The output should be the records themselves, given again exactly.

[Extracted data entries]
BEGIN
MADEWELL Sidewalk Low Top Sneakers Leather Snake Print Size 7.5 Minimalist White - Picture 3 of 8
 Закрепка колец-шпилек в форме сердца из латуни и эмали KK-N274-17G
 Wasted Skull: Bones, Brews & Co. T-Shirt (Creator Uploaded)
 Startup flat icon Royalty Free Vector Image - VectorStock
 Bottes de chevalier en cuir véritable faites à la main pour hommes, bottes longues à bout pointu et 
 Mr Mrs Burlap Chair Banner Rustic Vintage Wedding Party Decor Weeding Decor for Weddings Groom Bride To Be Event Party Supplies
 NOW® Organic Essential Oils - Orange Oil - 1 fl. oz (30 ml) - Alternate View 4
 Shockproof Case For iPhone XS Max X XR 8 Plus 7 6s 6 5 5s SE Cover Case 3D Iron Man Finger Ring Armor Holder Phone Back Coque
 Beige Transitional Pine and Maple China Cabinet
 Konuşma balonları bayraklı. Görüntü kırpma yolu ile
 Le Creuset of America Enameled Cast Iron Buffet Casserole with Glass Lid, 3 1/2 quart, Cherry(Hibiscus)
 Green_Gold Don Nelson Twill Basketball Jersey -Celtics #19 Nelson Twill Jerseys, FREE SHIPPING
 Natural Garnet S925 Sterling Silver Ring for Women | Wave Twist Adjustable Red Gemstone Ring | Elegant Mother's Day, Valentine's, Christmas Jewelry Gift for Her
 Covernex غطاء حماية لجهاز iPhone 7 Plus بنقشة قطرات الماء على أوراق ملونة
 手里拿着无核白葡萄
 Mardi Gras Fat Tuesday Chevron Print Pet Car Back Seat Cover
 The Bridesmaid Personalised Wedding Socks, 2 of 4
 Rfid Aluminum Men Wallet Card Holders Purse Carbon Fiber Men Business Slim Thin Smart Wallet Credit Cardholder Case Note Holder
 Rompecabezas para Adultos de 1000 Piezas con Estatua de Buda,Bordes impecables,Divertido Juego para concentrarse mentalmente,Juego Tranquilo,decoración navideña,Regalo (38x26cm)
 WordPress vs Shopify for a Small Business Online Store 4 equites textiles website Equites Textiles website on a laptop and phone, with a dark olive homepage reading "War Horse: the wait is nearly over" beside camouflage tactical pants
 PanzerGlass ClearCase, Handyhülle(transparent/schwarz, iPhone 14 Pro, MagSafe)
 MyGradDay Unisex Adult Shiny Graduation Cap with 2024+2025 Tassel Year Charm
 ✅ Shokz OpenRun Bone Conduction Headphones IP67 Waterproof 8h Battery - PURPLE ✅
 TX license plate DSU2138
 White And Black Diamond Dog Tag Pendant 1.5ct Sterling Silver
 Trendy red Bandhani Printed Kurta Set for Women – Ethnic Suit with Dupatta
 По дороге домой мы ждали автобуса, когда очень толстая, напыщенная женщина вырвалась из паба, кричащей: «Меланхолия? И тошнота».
END
### Exercise response
MADEWELL Sidewalk Low Top Sneakers Leather Snake Print Size 7.5 Minimalist White - Picture 3 of 8
 Закрепка колец-шпилек в форме сердца из латуни и эмали KK-N274-17G
 Wasted Skull: Bones, Brews & Co. T-Shirt (Creator Uploaded)
 Startup flat icon Royalty Free Vector Image - VectorStock
 Bottes de chevalier en cuir véritable faites à la main pour hommes, bottes longues à bout pointu et 
 Mr Mrs Burlap Chair Banner Rustic Vintage Wedding Party Decor Weeding Decor for Weddings Groom Bride To Be Event Party Supplies
 NOW® Organic Essential Oils - Orange Oil - 1 fl. oz (30 ml) - Alternate View 4
 Shockproof Case For iPhone XS Max X XR 8 Plus 7 6s 6 5 5s SE Cover Case 3D Iron Man Finger Ring Armor Holder Phone Back Coque
 Beige Transitional Pine and Maple China Cabinet
 Konuşma balonları bayraklı. Görüntü kırpma yolu ile
 Le Creuset of America Enameled Cast Iron Buffet Casserole with Glass Lid, 3 1/2 quart, Cherry(Hibiscus)
 Green_Gold Don Nelson Twill Basketball Jersey -Celtics #19 Nelson Twill Jerseys, FREE SHIPPING
 Natural Garnet S925 Sterling Silver Ring for Women | Wave Twist Adjustable Red Gemstone Ring | Elegant Mother's Day, Valentine's, Christmas Jewelry Gift for Her
 Covernex غطاء حماية لجهاز iPhone 7 Plus بنقشة قطرات الماء على أوراق ملونة
 手里拿着无核白葡萄
 Mardi Gras Fat Tuesday Chevron Print Pet Car Back Seat Cover
 The Bridesmaid Personalised Wedding Socks, 2 of 4
 Rfid Aluminum Men Wallet Card Holders Purse Carbon Fiber Men Business Slim Thin Smart Wallet Credit Cardholder Case Note Holder
 Rompecabezas para Adultos de 1000 Piezas con Estatua de Buda,Bordes impecables,Divertido Juego para concentrarse mentalmente,Juego Tranquilo,decoración navideña,Regalo (38x26cm)
 WordPress vs Shopify for a Small Business Online Store 4 equites textiles website Equites Textiles website on a laptop and phone, with a dark olive homepage reading "War Horse: the wait is nearly over" beside camouflage tactical pants
 PanzerGlass ClearCase, Handyhülle(transparent/schwarz, iPhone 14 Pro, MagSafe)
 MyGradDay Unisex Adult Shiny Graduation Cap with 2024+2025 Tassel Year Charm
 ✅ Shokz OpenRun Bone Conduction Headphones IP67 Waterproof 8h Battery - PURPLE ✅
 TX license plate DSU2138
 White And Black Diamond Dog Tag Pendant 1.5ct Sterling Silver
 Trendy red Bandhani Printed Kurta Set for Women – Ethnic Suit with Dupatta
 По дороге домой мы ждали автобуса, когда очень толстая, напыщенная женщина вырвалась из паба, кричащей: «Меланхолия? И тошнота».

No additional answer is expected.